As fronteiras da trombectomia mecânica estão se expandindo. O NNT baixo da intervenção apontou que poderia estar ocorrendo uma super seleção dos pacientes. De fato, estudos recentes têm incluído, com sucesso, pacientes com áreas maiores de core infartado, oclusão da artéria basilar e janela de intervenção de até 24 horas na obstrução de grandes vasos.  

A abordagem moderna do acidente vascular cerebral isquêmico  

 As imagens perfusionais, citadas no fluxograma acima, incluem o mismatch (desacoplamento) entre as sequências de RM de difusão e FLAIR e os dados provenientes da TC de perfusão.    

Cuidado crítico multidisciplinar pós-AVCi 

  • Prevenção de pneumonia aspirativa; 
  • Controle de febre e infecções;  
  • Otimização do controle glicêmico; 
  • Mobilização precoce e profilaxia de lesões de pressão; 
  • Profilaxia de tromboembolismo venoso;  
  • Vigilância de complicações: transformação hemorrágica, crises convulsivas, delirium, AVCi recorrente e desenvolvimento de edema cerebral; 
  • Consideração de craniectomia no AVCi maligno de artéria cerebral média, especialmente entre indivíduos < 60 anos nas primeiras 48 horas do evento;  
  • Instituição de profilaxia secundária. 

A profilaxia secundária deve estar em mente ainda nas unidades de urgência e emergência e terapias intensivas.  

Nos pacientes com AVCi e fibrilação atrial (FA) documentada, indica-se o início precoce de anticoagulantes orais: em 2 dias nos eventos leves a moderados e em 7 dias nos eventos graves. Já nos casos de AVCi embólico de origem desconhecida (ESUS), a evidência atual é desfavorável para a anticoagulação. Os anticoagulantes orais de ação direita (DOACs) têm se consolidado na FA não valvar, com eficácia semelhante e, em geral, maior segurança dos que os antagonistas da vitamina K. Entretanto, muitas expectativas estão surgindo em relação a uma nova classe, com os inibidores do fator XIa, capazes de inibir, de forma mais seletiva, a formação de trombos, sem o comprometimento da hemostasia. 

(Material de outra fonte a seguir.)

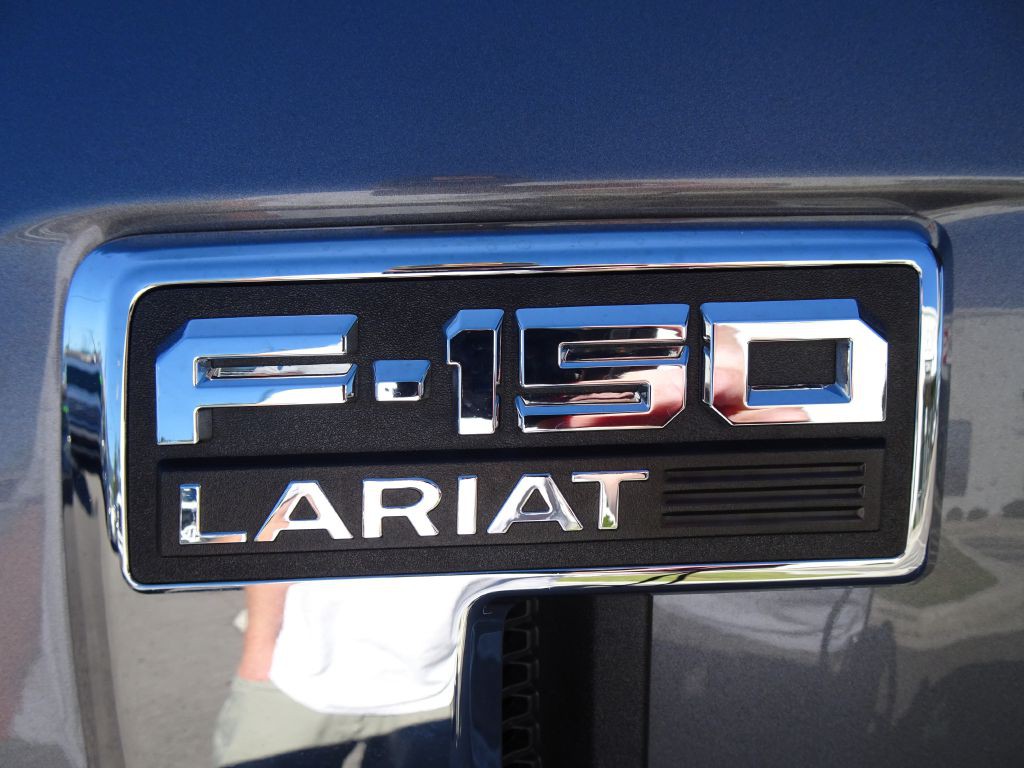 2022 Ford F-150 Image 45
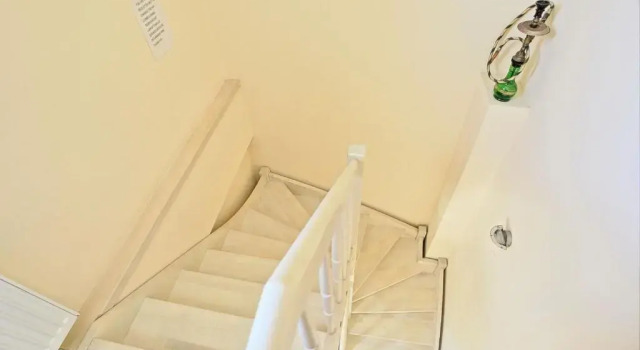 The Doctors House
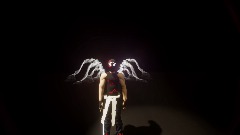 A screenshot taken in Dreams. 4 of 21.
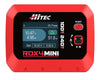 RDX4 Mini Quad Smart Balance Charger
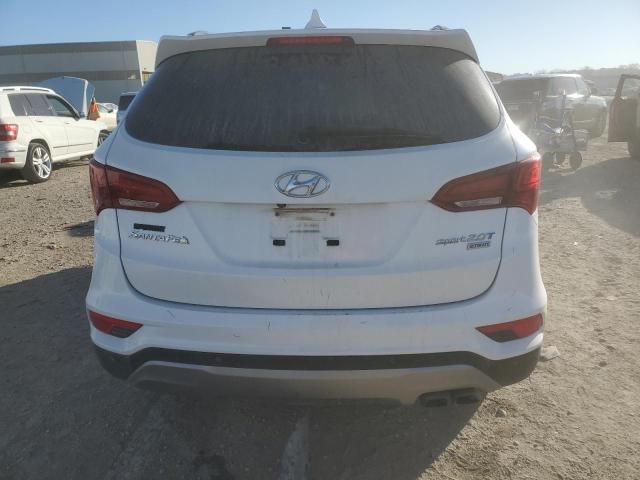 2017 HYUNDAI SANTA FE S #3284403730
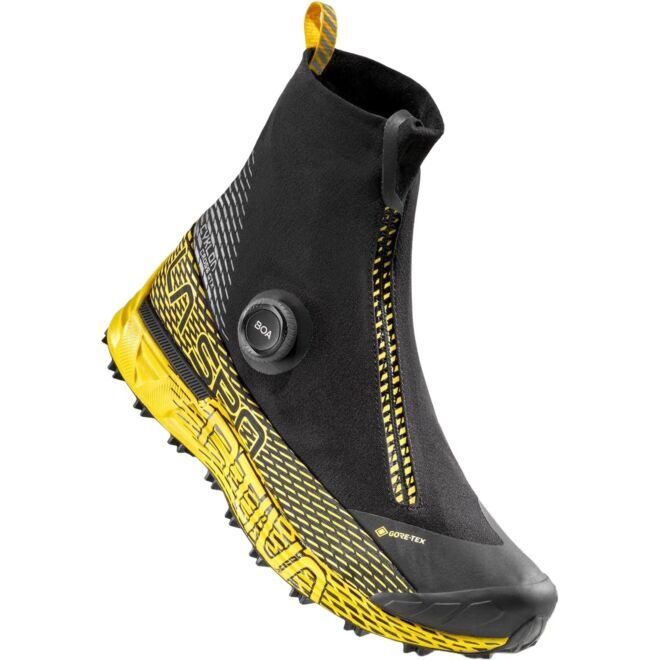 La Sportiva Cyklon Cross GTX zapatilla de trail running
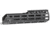 Midwest Industries Mcx Virtus Suppressor Compatible Handguard M-lok - MI-MCXVSP10
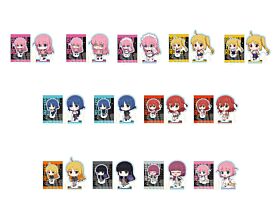Bocchi the Rock! Bell House Tekutoko Mini Acrylic Stand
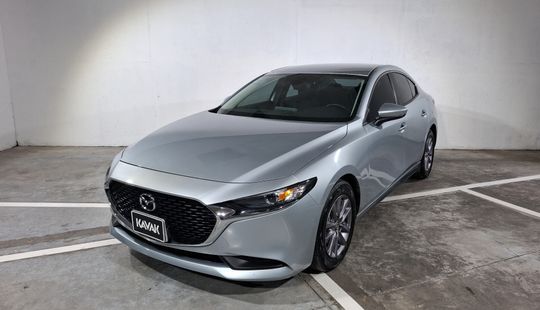 Mazda • Mazda 3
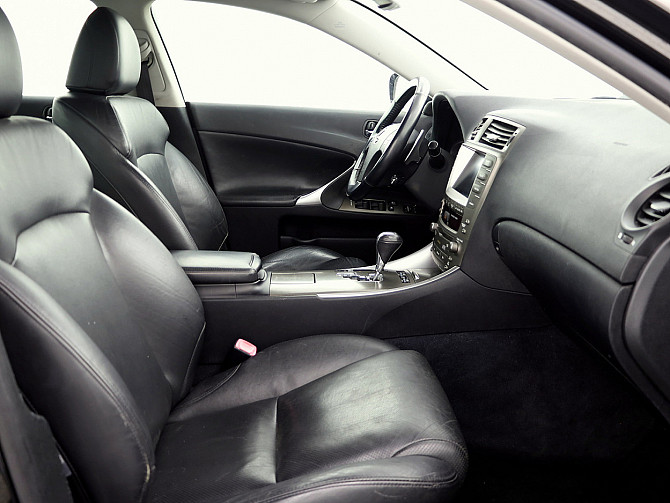Lexus IS 250 Luxury ATM 2.5 153kW Tallina - foto 6
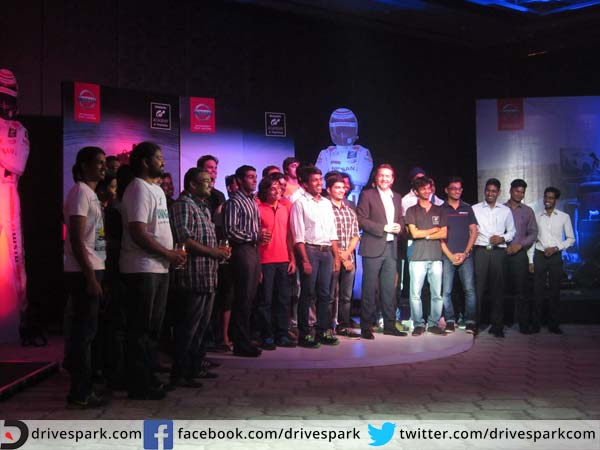 2015 Nissan GT Academy: The Good Samaritan Of Indian Motorsport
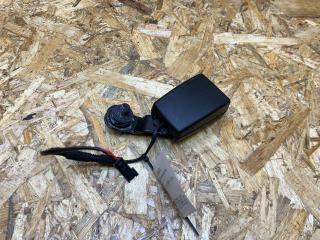 замок ремня безопасности BMW X1 F48 2016, 2.0 л., дизель, АКПП, белый, внедорожник 5 дв., передний привод, правый руль, 7371652, 72117371652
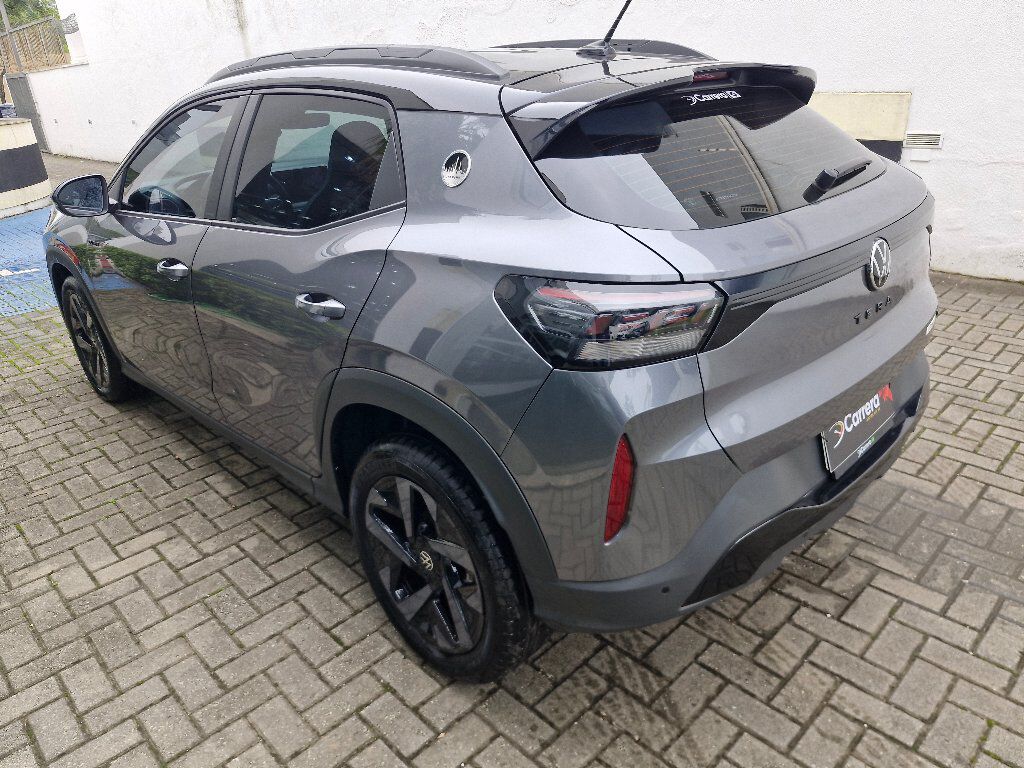 TERA 1.0 170 TSI HIGH AUTOMÁTICO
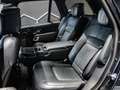 Land Rover Range Rover 5.0 525CH V8 S/C AUTOBIOGRAPHY / MERIDIAN/ ROOFTOP Schwarz - thumbnail 14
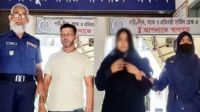 নারীসহ আটক সেই যুবদল নেতার জামিন, দল থেকে বহিষ্কার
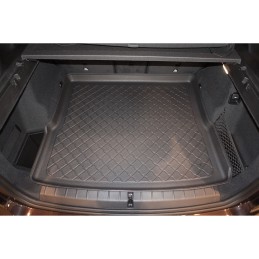 BMW X1 F48 visureigis 5D 2015- Bagažinės kilimėlis ARISTAR 193169G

Nos AVCi não cardioembólicos, a profilaxia geralmente é instituída com terapia antiplaquetária, pautada inicialmente na dupla antiagregação plaquetária (DAPT) com a combinação de AAS e clopidogrel por 21 a 90 dias ou AAS e ticagrelor por 30 dias, dando-se sequência com a fase de manutenção com antiagregação plaquetária em monoterapia (SADT) com AAS ou clopidogrel. Estudos japoneses, por sua vez, têm demonstrado que, na fase de manutenção, a associação de cilostazol pode trazer benefícios adicionais.   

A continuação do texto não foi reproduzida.